Rabbi Löw gets the opportunity to speak to Emperor Luhois about the whole decree against the Jews business. The Rabbi brings Golem along for a little muscle. Nah. The Rabbi actually brings Golem along to entertain the bastards. I think it would have been awesome had Golem walked into that snotty ass Rose Festival and knocked some blocks off.


“It is a fact! The watchman told me himself. Revered Rabbi Löw has returned from the Emperor, bearing the pardon. Rejoice ye, rejoice ye!”



“Golem, your task is completed. Once again become lifeless clay, so that we may avoid any vengeance sought by the dark powers.” Golem’s mad face gave me a bit of a giggle.

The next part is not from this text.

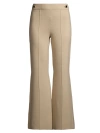 Minnie Rose Women's Cotton-blend Flared Knit Pants In Brown Sugar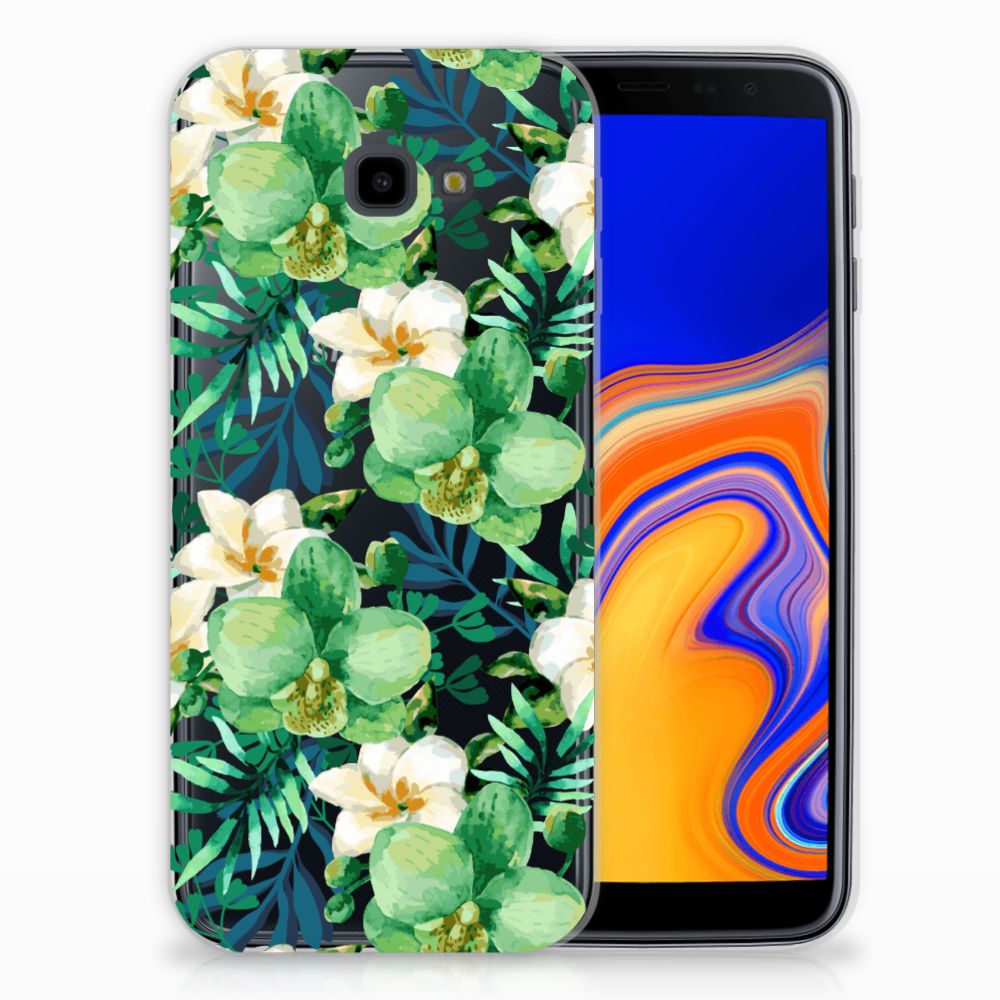 Samsung Galaxy J4 Plus (2018) TPU Case Orchidee Groen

Knight Florian needs an escape route so he can leave undetected.


“A strange man is in her room. Drive him away!”



A Striking and iconic image from The Golem: How He Came Into the World.

Dungeon Rating: 3.5/5

Directed By: Carl Boese & Paul Wegener

Starring: Paul Wegener, Albert Steinrück, Ernst Deutsch, Lyda Salmonova, Ernst Deutsch, Hans Stürm, Max Kronert, Otto Gebühr, Dore Paetzold

4 Responses to “THE GOLEM: How He Came into the World (1920) – The Dungeon Review!”

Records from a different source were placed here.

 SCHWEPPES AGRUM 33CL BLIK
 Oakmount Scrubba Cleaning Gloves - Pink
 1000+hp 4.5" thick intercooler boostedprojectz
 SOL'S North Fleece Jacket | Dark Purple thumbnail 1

  1. I haven’t seen the film in many moons,and I do recall enjoying The Golem. It was another film that played on our local Pittsburgh public television station WQED in the 1960’s,the same place I first saw Ingmar Bergman’s amazing The Virgin Spring,a movie that haunted me for days in my youth. I totally agree with you about today’s audience being over stimulated. There is so much I miss about the movie going experience of the past,but then I belong to the past. Anyway,first-rate review written with the excellence,wit and style that always makes my day brighter.

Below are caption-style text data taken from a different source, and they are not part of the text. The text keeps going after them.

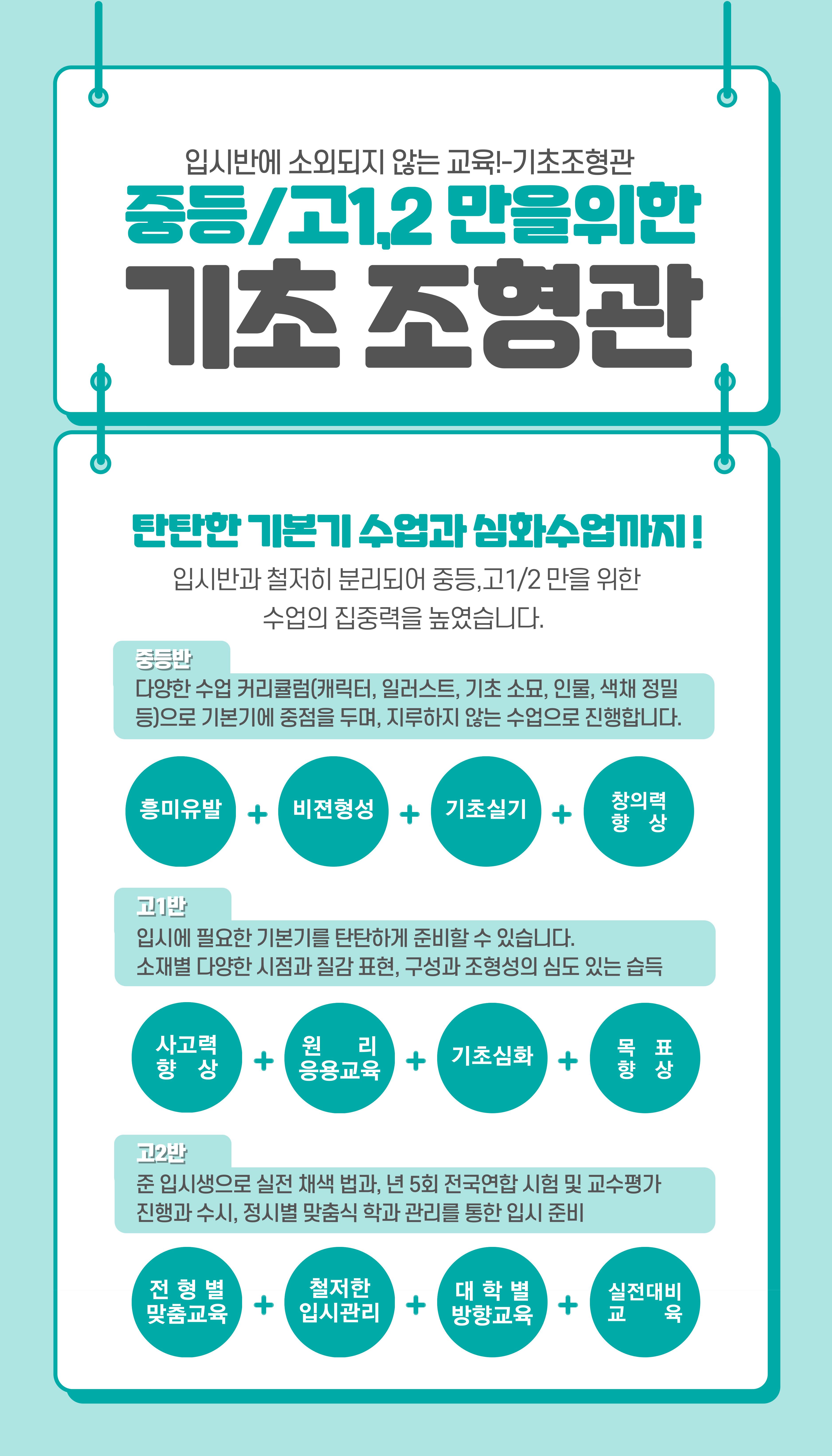 학원 커리큘럼 이미지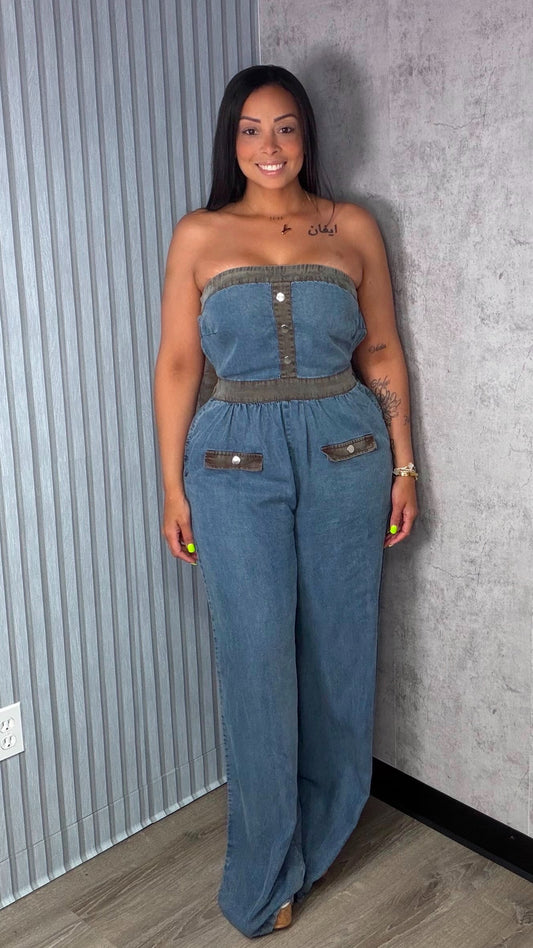 SAMIRA DENIM JUMPSUIT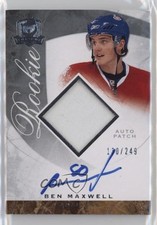 2008-09 Upper Deck The Cup Rookie 130/249 Ben Maxwell #114 Auto 0bz8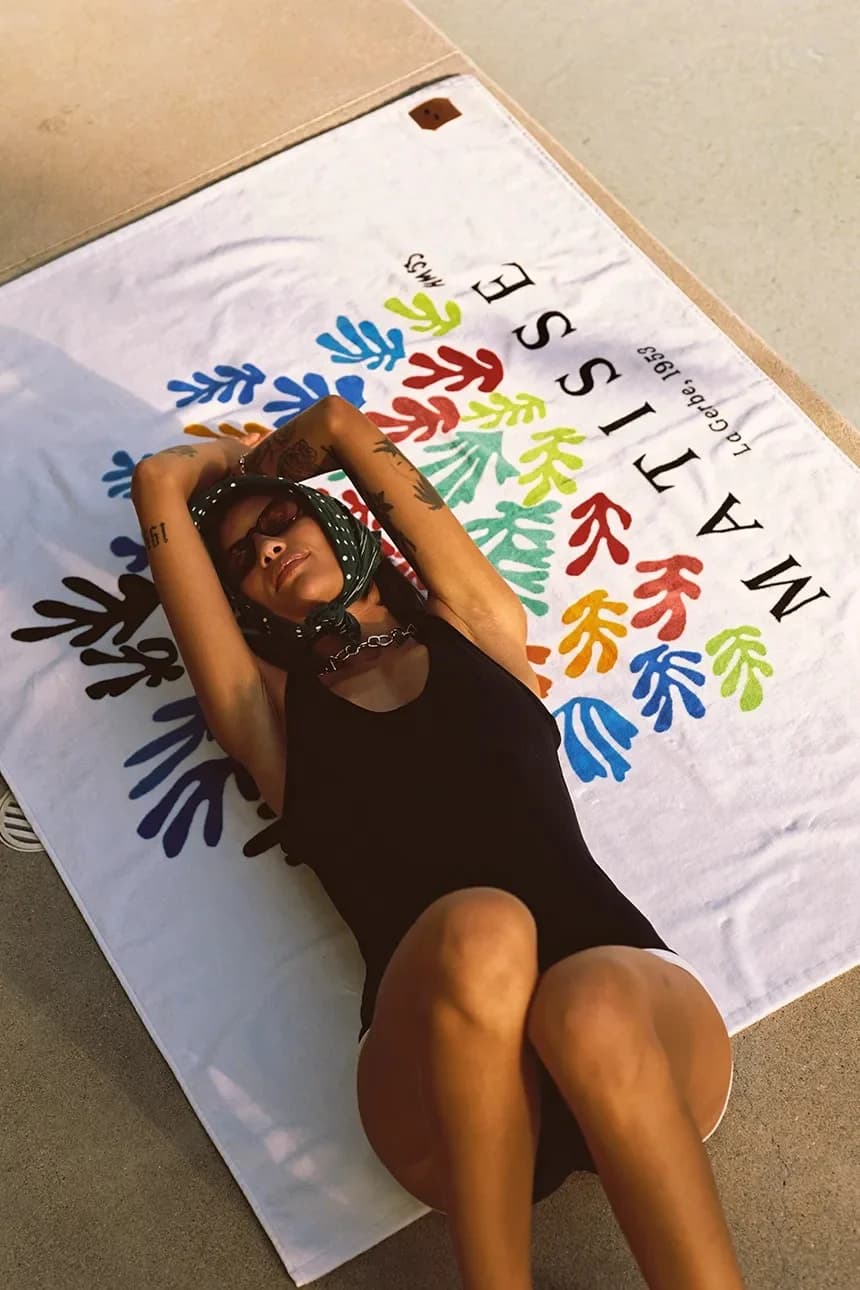 Хлопковое пляжное полотенце x Анри Матисс 100 х 150 см - фото 3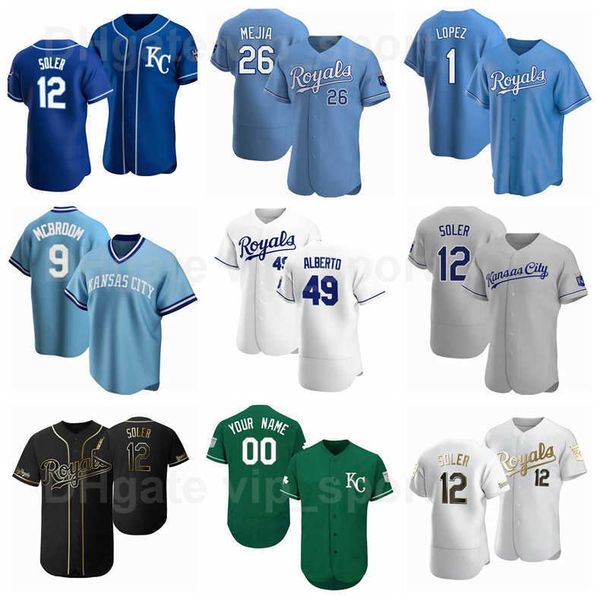 49 hanser alberto jersey baseball 26 erick mejia 9 ryan mcbroom 17 hunter dozier 8 nicky lopez 12 jorge soler men kids women, Black
49 hanser alberto jersey baseball 26 erick mejia 9 ryan mcbroom 17 hunter dozier 8 nicky lopez 12 jorge soler men kids women, Black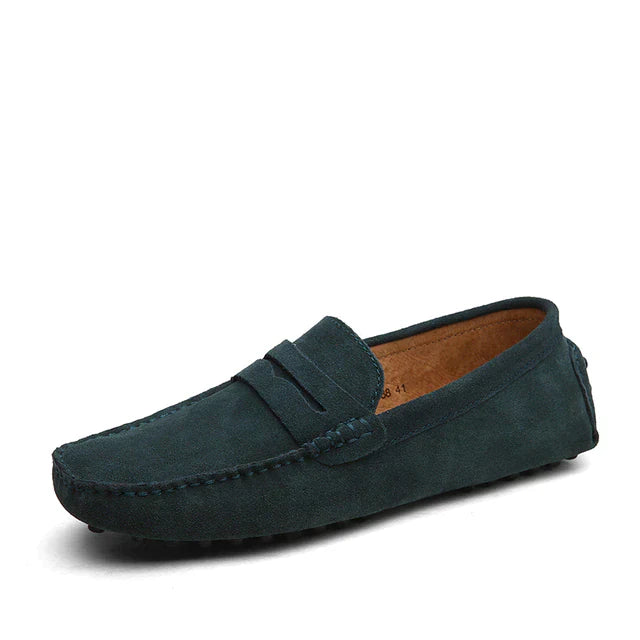 Lorenzo | Zeitloser Luxus & Komfort-Slipper | Herren Dunkelgrün Decorique.de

    • I love Bergman. I’ve been thinking a lot about Mr. Bergman on and off since seeing that Liv & Ingmar doc. Now that I know he wrote love letters and put hearts with smiley faces on them it adds a weird angle to his persona (no pun intended there). Evidently Persona is a personal favourite Bergman film. One of these days I am going to have to watch a few films from the past decade but not this year…this year we have golden silence and than something weird…ahhhhhh…so good 🙂

  2. Great review and presentation!

    • Thank you so much David 🙂

      “I remember the first day he came here perfect. That’s when we first saw that he was a quiet man.”

      I am literally watching Crime Wave while I am answering your comment! Why am I watching Crime Wave when I should be writing a review for House of Frankenstein? Because watching Crime Wave is like a one hour and 20 minute long hug. Oh how I love that film!